How much memory is my logical array using?

I’m running fortran code that has an array of 193710244 logicals (Ising spins in physics). I’m wondering how much RAM it is using? Does a single logical take a bit or a byte? This is of concern because I wonder if I need to invest in more RAM to make the code efficient.

ps. My computer has 8 cores and I run six random realizations of the job in parallel (on different terminal windows), each of which requires its own array of logicals. I need thousands of realizations to get good statistics, so running six jobs at once cuts the time of the job by that fraction. It still takes two weeks to get my solid statistics. I’ve found that if I run seven realizations of the job, the computer bombs. This makes me think I’m either over heating the computer, or I’m over using the RAM.

1 Like

You can use the storage_size(3f) function to determine the storage your variables use.
Generally, a LOGICAL takes up the same storage as a default INTEGER but that can vary between compilers. Although common in the past, it is unlikely it is only using a bit. There
are procedures to access individual bits you can use to reduce the storage, but it may have
a performance impact.

On some systems instead of using a LOGICAL the smallest supported INTEGER might take less storage. Some systems support multiple LOGICAL kinds.

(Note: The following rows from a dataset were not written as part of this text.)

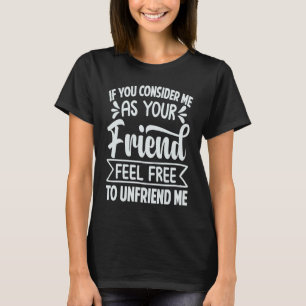 Camiseta Se Você Me Considerar Como Seu Amigo, Sinta-Se Liv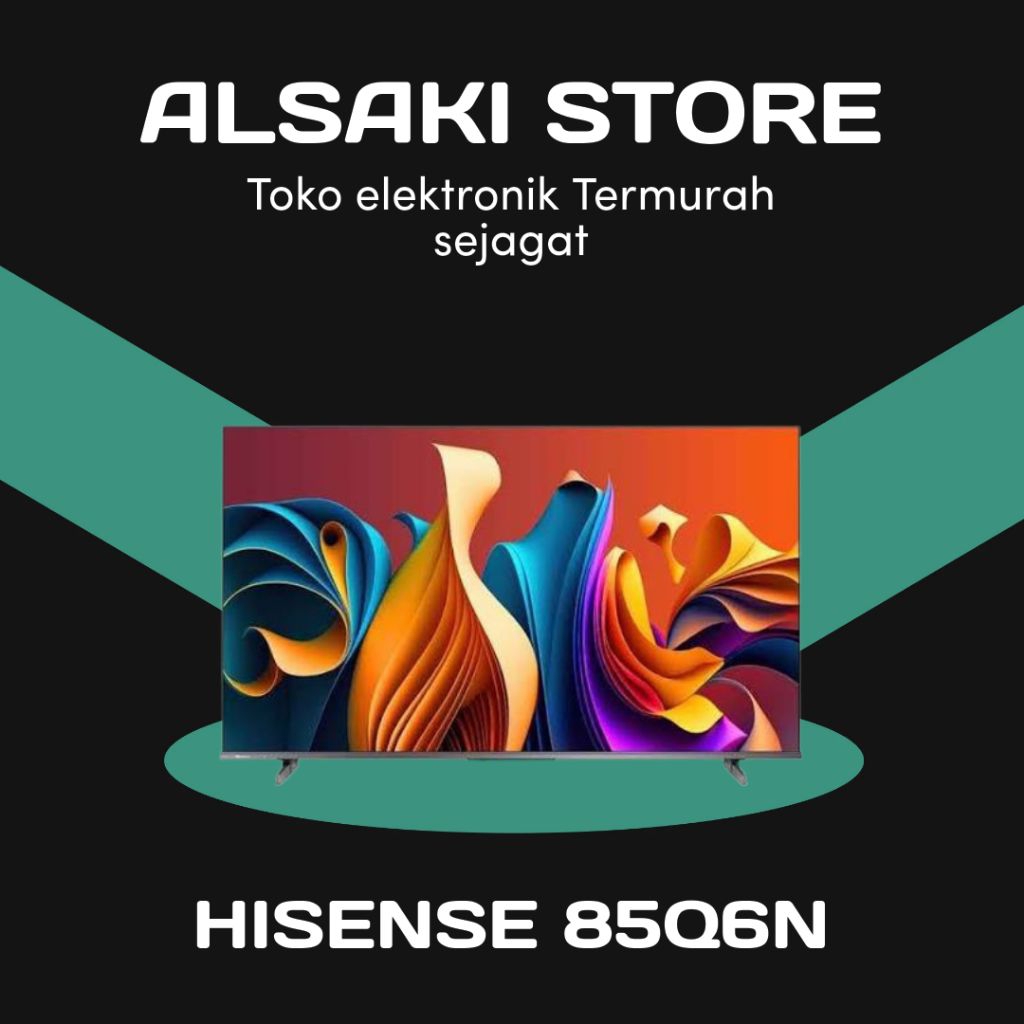 HISENSE 85Q6N QLED 4K GOOGLE
TV 85 inch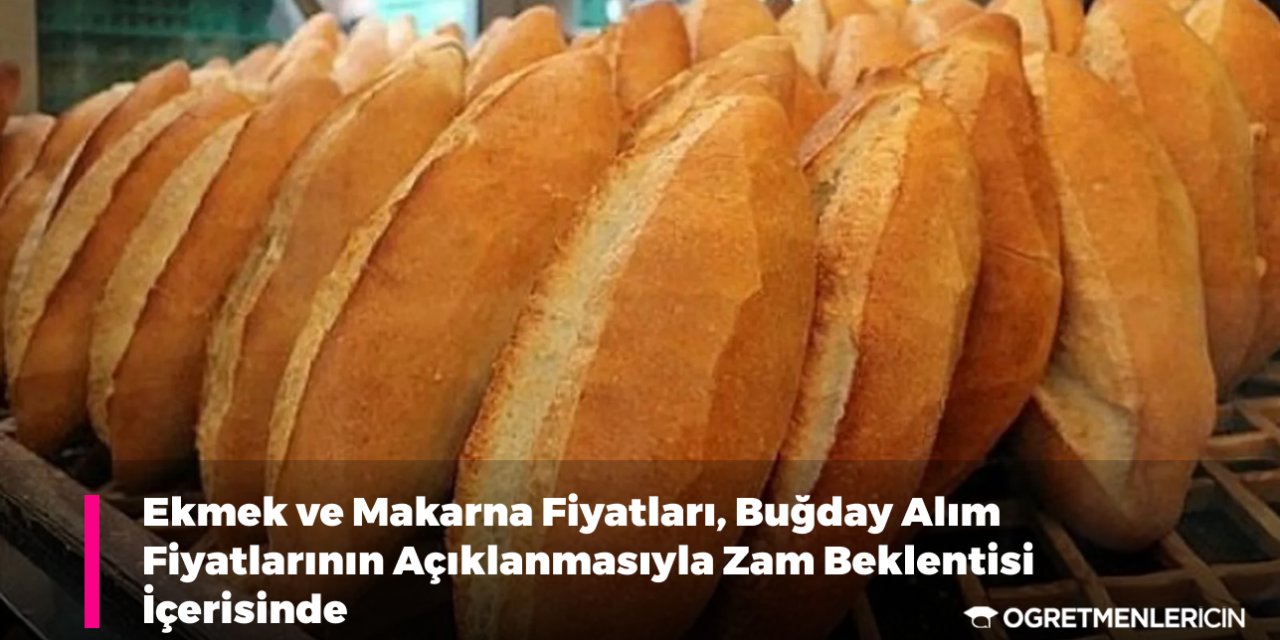 Ekmek ve Makarna Fiyatları, Buğday Alım Fiyatlarının Açıklanmasıyla Zam Beklentisi İçerisinde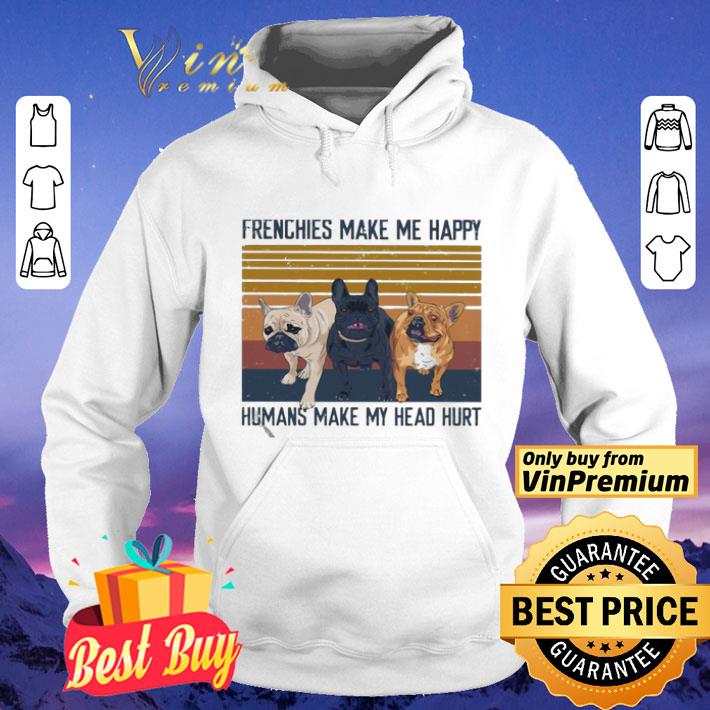 Pitbull Frenchies make me happy Humans make my head hurt vintage shirt a87860f8 pitbull frenchies make me happy humans make my head hurt vintage shirt 4 - Pitbull Frenchies make me happy Humans make my head hurt vintage shirt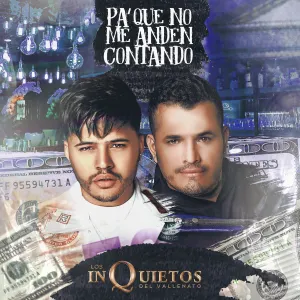 Pochette de Pa' que no me anden contando de Los Inquietos del Vallenato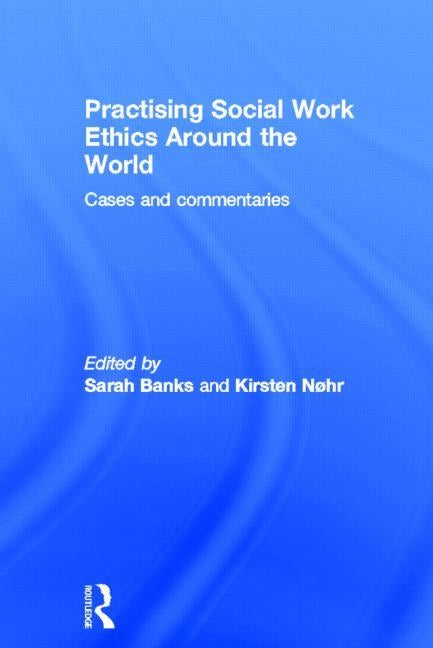 Practising Social Work Ethics Around the World: Cases and Commentaries by Banks, Sarah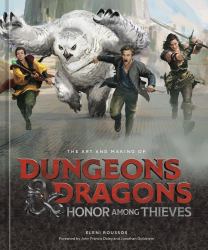 The Art and Making of Dungeons and Dragons: Honor among Thieves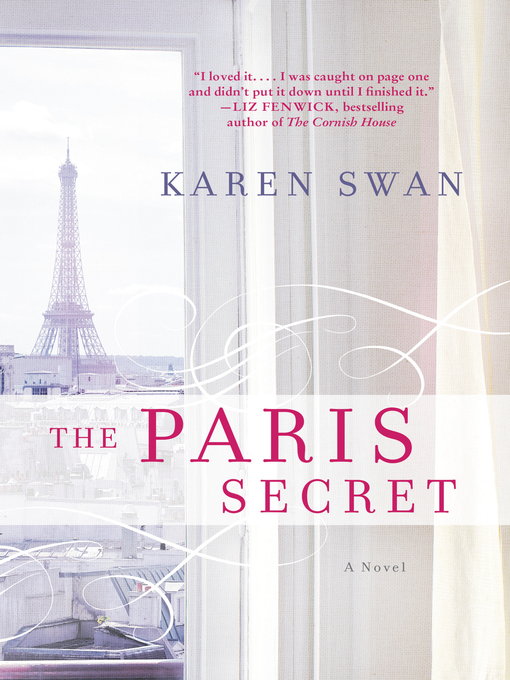 Title details for The Paris Secret by Karen Swan - Wait list
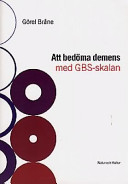 Att bedöma demens med GBS-skalan; Görel Bråne; 1997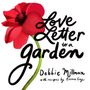 Debbie Millman: Love Letter to a Garden, Buch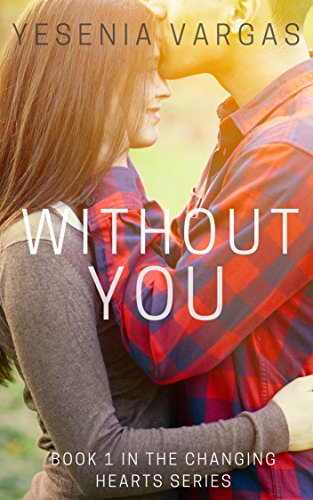 Without You (Changing Hearts Series Book 1)64 >> goo.gl/INy4hZ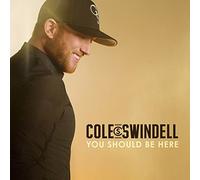 You Should Be Here by Cole Swindell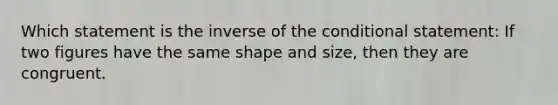 Which statement is the inverse of the conditional statement: If two figures have the same shape and size, then they are congruent.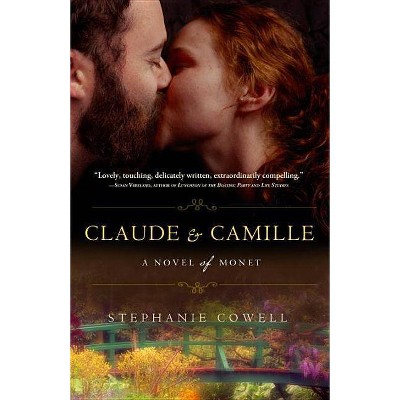 Claude & Camille - by  Stephanie Cowell (Paperback)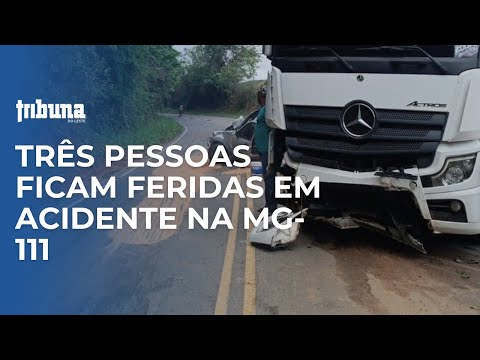 Acidente entre carreta e picape deixa três pessoas feridas na MG-111, em Santana do  Manhuaçu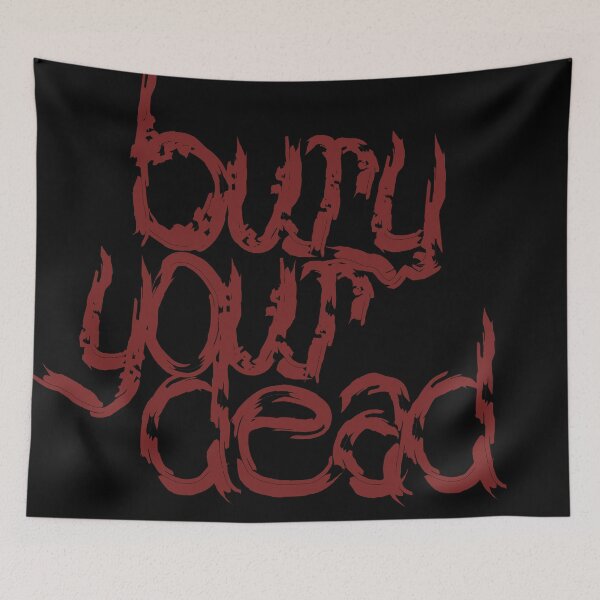 Item preview, Bury Your Dead Text Red designed and sold by saripsis.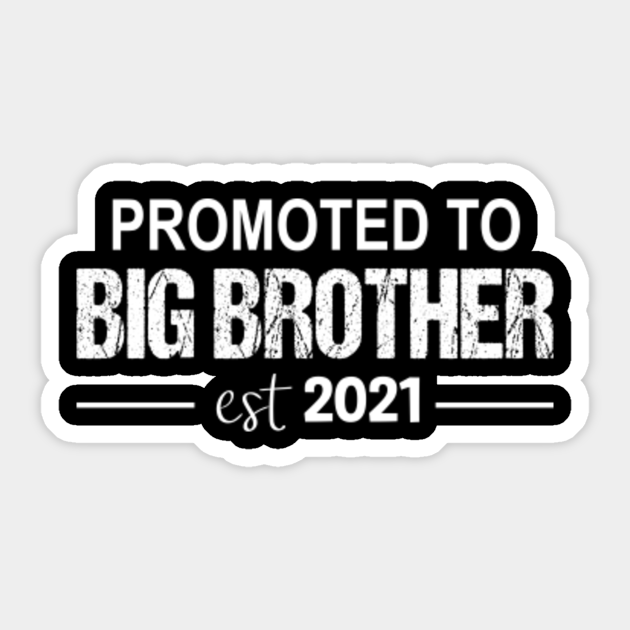 promoted to big brother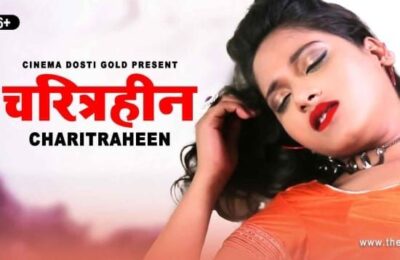 Charitraheen Hindi  CinemaDosti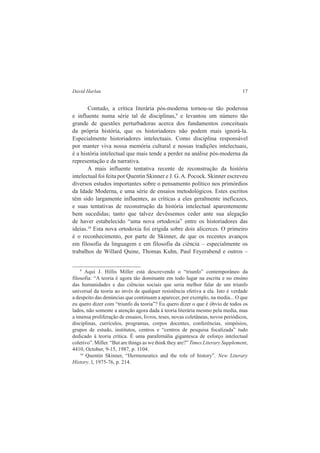 David Harlan 17 
Contudo, a crítica literária pós-moderna tornou-se tão poderosa 
e influente numa série tal de disciplinas,9 e levantou um número tão 
grande de questões perturbadoras acerca dos fundamentos conceituais 
da própria história, que os historiadores não podem mais ignorá-la. 
Especialmente historiadores intelectuais. Como disciplina responsável 
por manter viva nossa memória cultural e nossas tradições intelectuais, 
é a história intelectual que mais tende a perder na análise pós-moderna da 
representação e da narrativa. 
A mais influente tentativa recente de reconstrução da história 
intelectual foi feita por Quentin Skinner e J. G. A. Pocock. Skinner escreveu 
diversos estudos importantes sobre o pensamento político nos primórdios 
da Idade Moderna, e uma série de ensaios metodológicos. Estes escritos 
têm sido largamente influentes, as críticas a eles geralmente ineficazes, 
e suas tentativas de reconstrução da história intelectual aparentemente 
bem sucedidas; tanto que talvez devêssemos ceder ante sua alegação 
de haver estabelecido “uma nova ortodoxia” entre os historiadores das 
ideias.10 Esta nova ortodoxia foi erigida sobre dois alicerces. O primeiro 
é o reconhecimento, por parte de Skinner, de que os recentes avanços 
em filosofia da linguagem e em filosofia da ciência – especialmente os 
trabalhos de Willard Quine, Thomas Kuhn, Paul Feyerabend e outros – 
9 Aqui J. Hillis Miller está descrevendo o “triunfo” contemporâneo da 
filosofia: “A teoria é agora tão dominante em todo lugar na escrita e no ensino 
das humanidades e das ciências sociais que seria melhor falar de um triunfo 
universal da teoria ao invés de qualquer resistência efetiva a ela. Isto é verdade 
a despeito das denúncias que continuam a aparecer, por exemplo, na media... O que 
eu quero dizer com “triunfo da teoria”? Eu quero dizer o que é óbvio de todos os 
lados, não somente a atenção agora dada à teoria literária mesmo pela media, mas 
a imensa proliferação de ensaios, livros, teses, novas coletâneas, novos periódicos, 
disciplinas, currículos, programas, corpos docentes, conferências, simpósios, 
grupos de estudo, institutos, centros e “centros de pesquisa focalizada” tudo 
dedicado à teoria crítica. É uma parafernália gigantesca de esforço intelectual 
coletivo”. Miller. “But are things as we think they are?” Times Literary Supplement, 
4410, October, 9-15, 1987, p. 1104. 
10 Quentin Skinner, “Hermeneutics and the role of history”. New Literary 
History. l, 1975-76, p. 214.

If you are on GNU/Linux or Unix there are many commands that let you see the memory you are
using, such as top(1). If you are statically declaring the array the size(1) command might be useful, but because of the indicated size I doubt you are.

Most shells include a time(1) command that shows the memory a process used, but that varies
from system to system as to whether it is accurate or not.

For starters, in addition to top(1) and time(1) see vmstat(1) and ps(1).

Including what OS and compiler you are using would help in answering better. How much memory does your platform have? Do you have a process memory limit set (ulimit -a in bash, or limit in tcsh)?

The time(1) command in tcsh(1) has the best options for showing memory (“man csh” or “man tcsh” if you have it on your system has a section on the “time” command).

A good tool for general memory inspection is valgrind(1) if you have it. It is generally used for tracking down memory leaks but can give you a lot of information about memory usage.

storage_size(3)                                                                                                  storage_size(3)

NAME
  storage_size(3) - [BIT:INQUIRY] Storage size in bits

SYNTAX
    result = storage_size(a, kind)

DESCRIPTION
  Returns the storage size of argument a in bits.

ARGUMENTS
  • a : Shall be a scalar or array of any type.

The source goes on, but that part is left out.